Monday 22 February 2010

Twenty Drawings ; Chilli Peppers

Dave grew these last summer. The plant is still fruiting in his kitchen. They are sealed in a jar with grains of rice and smell wonderful. They are drawn over pages scanned from the Manual of Practical Gardening, which belonged to Mum's Dad.




I have also scanned the peppers on top of the pages to vivid effect.

Twenty Drawings ; Juni

Juni was my second doll. She is of rubbery plastic, just the right size for a small fist and went everywhere with me. There I am aged two on the beach in a blue nylon smocked swimsuit clutching her and squinting at the camera. I do not remember her ever having clothes, just painted on shoes and socks, though I once knitted her an emerald green dress with no fastenings. Her expression is more angry than I have captured.

Twenty Drawings; Dad's Keys

I do not know what all the keys are for, though Dad has told me on our tours of the important hiding places for documents, valuables etc.
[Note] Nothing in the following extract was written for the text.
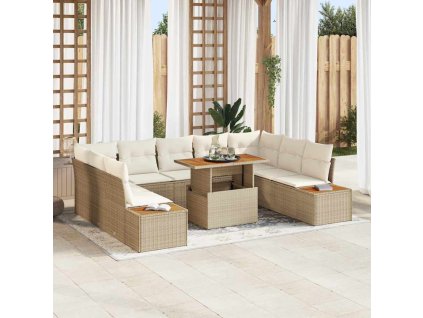 Zahradní jídelní souprava s polštářem 10 pcs Béžová a krémová 3350103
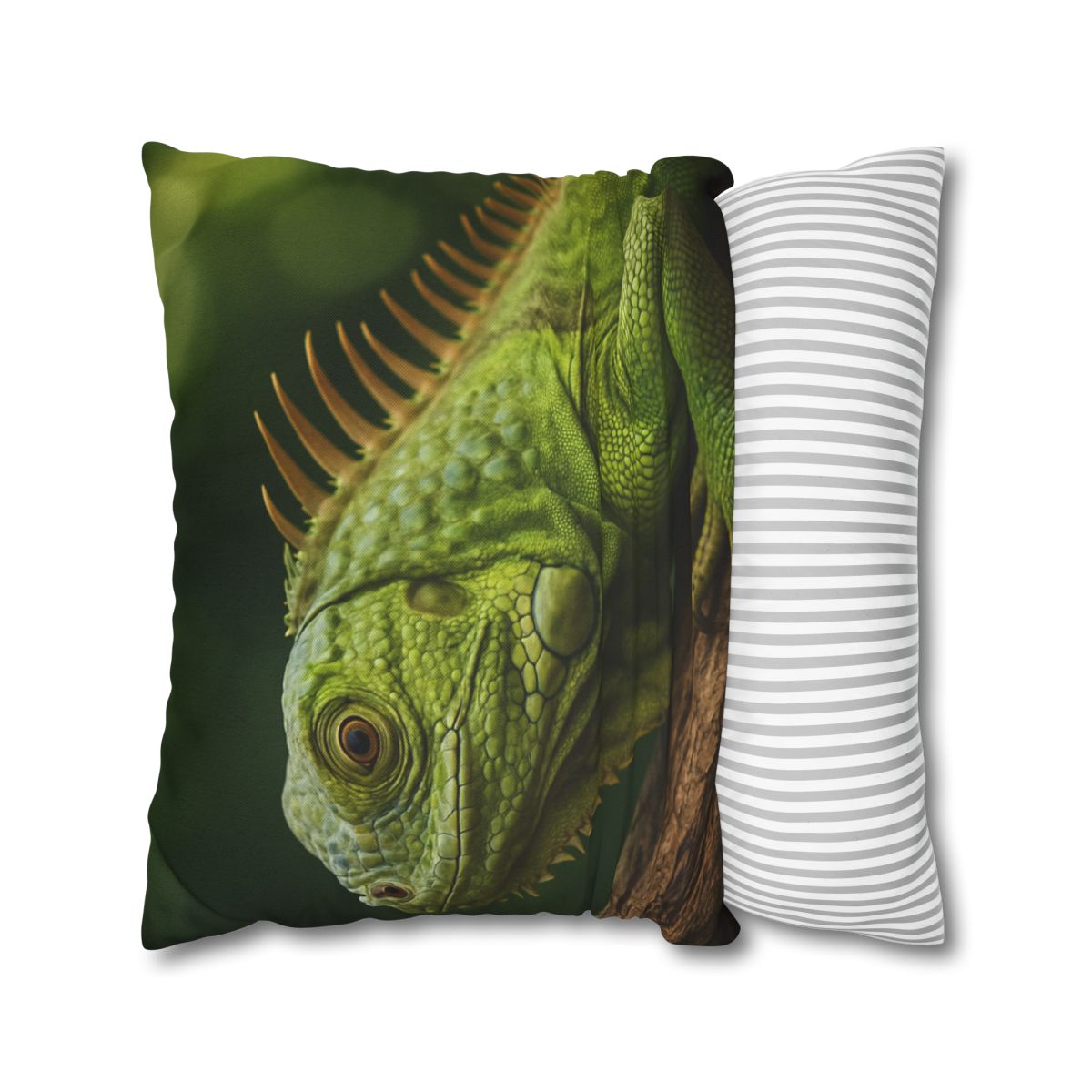 Verdant Gaze Green Iguana soft cotton pillow cases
I have been thinking about what makes a home, what we surrender it with the keys and also the redundancy of objects removed from their purpose - old keys, clock hands, old toys etc. Behind the keys is a census for 1962, the year we moved in to our first home.
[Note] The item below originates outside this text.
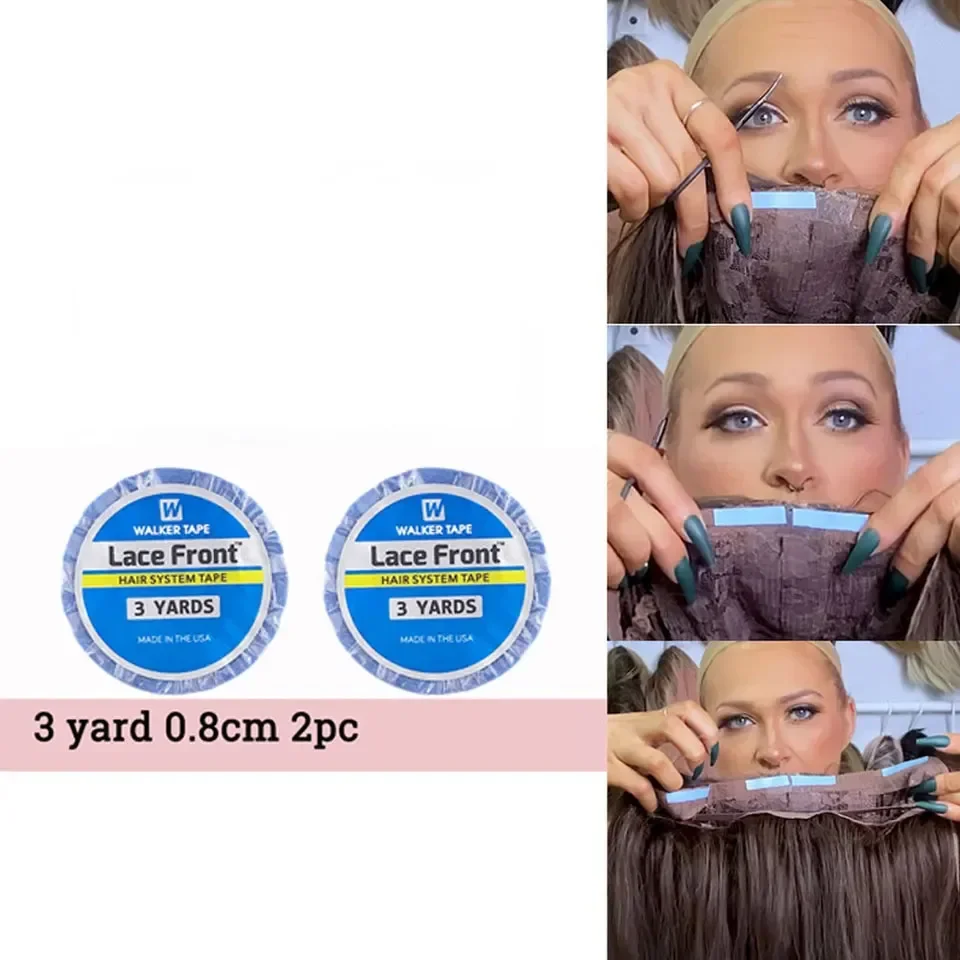 

2PCS Wholesale Price 3 Yard 0.8cm Waterproof Lace Front Wig Tape Front Lace Wig Glue Double Sided Glue Tapes For Hair Extension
Twenty Drawings ; Fruit Bowl





Here are the first drawings, back to basics, still life with fruit.

Tuesday 9 February 2010

Mystic Tree Prints



Finally here are prints from the first plate. The viscosity blending needs some work, but I am pleased with the plate. It was originally designed in the portrait format, but I think near monotone version works even better when the print is rotated by 90 degrees - fallen mystic tree? It is much too cold in the studio to carry on printing, so Jan and I have decided to draw - 20 drawings in 20 days!

Tuesday 2 February 2010

Torn Birch

The snowfall and stormy weather caused one of the old birch trees to tear some twenty feet above the ground. The top hung suspended clinging to the other trees. The exterior is cankered and fungal, but the exposed interior is vivid and splintered. I want to look at the fallen as well as the upright form of trees. This tree is probably very old for a birch. Possibly as old as the house.